La nécessité d’infléchir le cours de nos économies, en particulier dans les pays industrialisés, est plus patente que jamais. Les dérèglements climatiques, les atteintes à la biodiversité et leurs effets sur la santé et la qualité de vie des humains sont toujours plus tangibles. Le « climatoscepticisme », s’il reste beaucoup trop présent en regard du consensus scientifique sur le sujet, est en recul, mais le rôle de la finance dans la transition qui s’impose à nous, lui, est sujet à des vents de face, de diverses natures. Examinons-les tour à tour.
Aujourd’hui, nos démocraties européennes réalisent qu’une armée bien équipée n’est pas une relique de peurs anciennes mais une nécessité face à des dangers d’agression à large échelle bien réels. Si donc disposer d’une armée à même de se défendre est un « must », ne faut-il pas revoir son jugement sur les entreprises cotées en bourse actives dans le secteur de l’armement et les considérer comme « investissables », voire comme positive pour l’intérêt général, au point de devoir y investir de manière privilégiée ?
La question est légitime mais, malgré l’utilité potentielle des armes, pour dissuader, protéger et se défendre, le secteur doit selon nous continuer à être exclu. D’abord, il faut faire la distinction entre ne pas investir et condamner. On peut apprécier un verre de vin ou de bière et, simultanément, souhaiter ne pas investir dans le secteur des boissons alcoolisées. Ensuite, si les entreprises d’arme ne vendaient qu’à des Etats amis, une cotation en bourse n’aurait pas plus de pertinence que pour une loterie nationale ou une société de transport en commun. Et si elle a d’autres clients que des Etats amis, alors cela devient vite suspect !
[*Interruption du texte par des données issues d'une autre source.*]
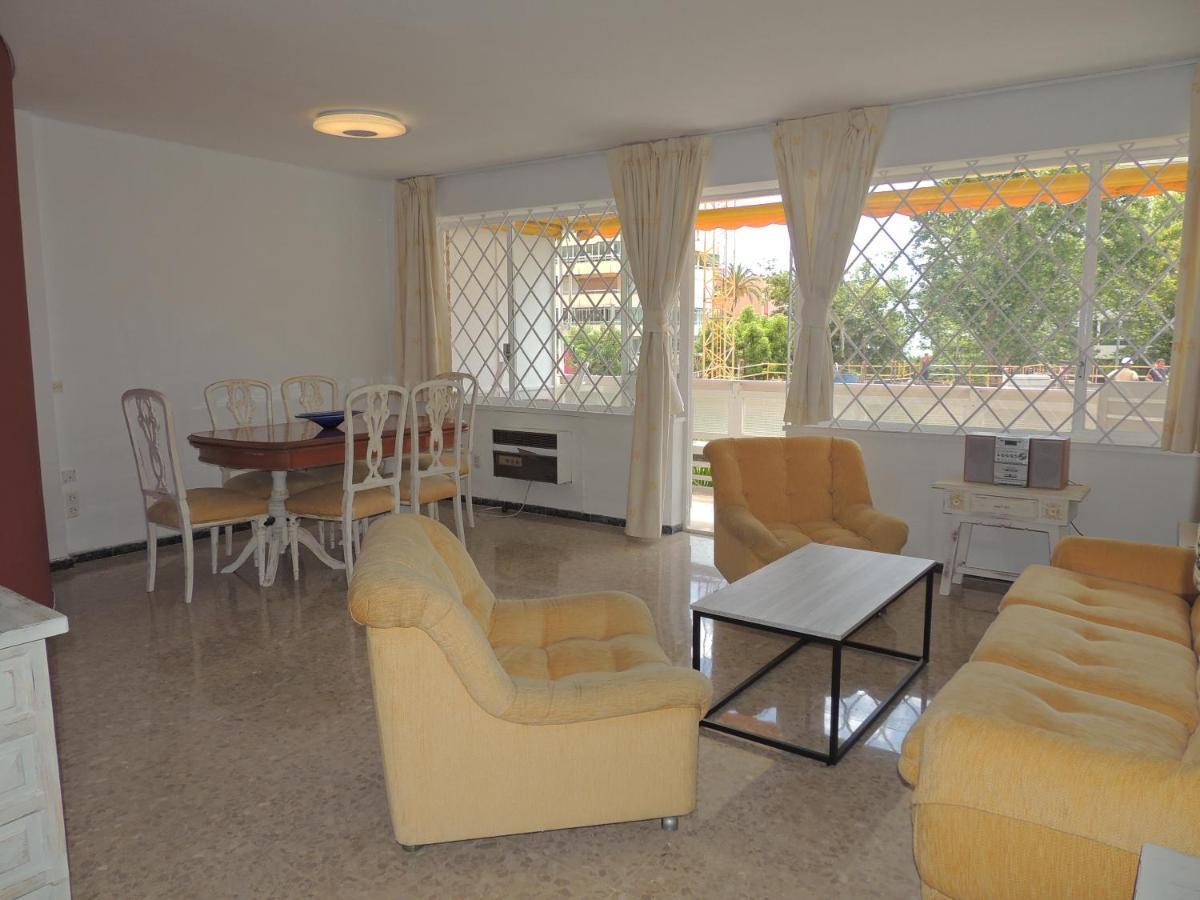 Apartamento Eurosol Carihuela Torremolinos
Si l’investissement responsable peut connaître des phases de sous-performance, comme en 2022, il faut, données statistiques à l’appui, résolument s’inscrire en faux contre l’idée que, dans la durée, il en coûterait, à l’investisseur, de faire le choix des placements responsables. Les indices du leader mondial en la matière sont clairs : en moyenne, depuis 2007, année de début des données, l’investissement responsable a surperformé l’investissement classique.
Ce qui est vrai, en revanche, c’est que l’investissement responsable peut voir sa performance être ponctuellement affectée par des évolutions particulières. Selon que le filtre responsable écarte Nvidia et retient Tesla, ou l’inverse, la performance récente affichée sera bien différente.
Sous la pression de certains Etats américains, de grands gestionnaires d’Outre-Atlantique se sont retirés d’une initiative sectorielle visant à promouvoir l’investissement responsable, mais ces manœuvres dilatoires se heurtent tant aux performances financières de l’investissement responsable qu’à la pression de l’opinion publique, y compris aux Etats-Unis. Un article d’août 2023 de la Harvard Political Review reprenait un sondage montrant que 59% des jeunes Américains se disent préoccupés ou très préoccupés par le climat.